-- Opening Marker --
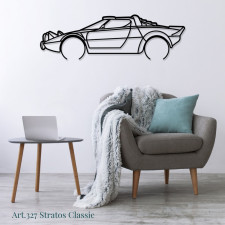 Décoration à poser Art Design support acier - silhouette Lancia STRATOS CLASSIC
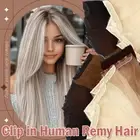 CLEARANCE 100% Remy Clip In Human Hair Extensions Remi Full Head One Piece Weft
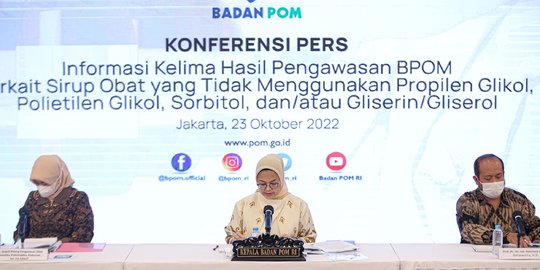 BPOM Digugat ke PTUN, Dianggap Pembohongan Publik Soal Obat Sirop Tercemar EG dan DEG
-- Closing Marker --
- _Your instructions_
Where an image appears in the data, skip it, and return the rest verbatim.

- _Solution below_
 Décoration à poser Art Design support acier - silhouette Lancia STRATOS CLASSIC
 CLEARANCE 100% Remy Clip In Human Hair Extensions Remi Full Head One Piece Weft
 BPOM Digugat ke PTUN, Dianggap Pembohongan Publik Soal Obat Sirop Tercemar EG dan DEG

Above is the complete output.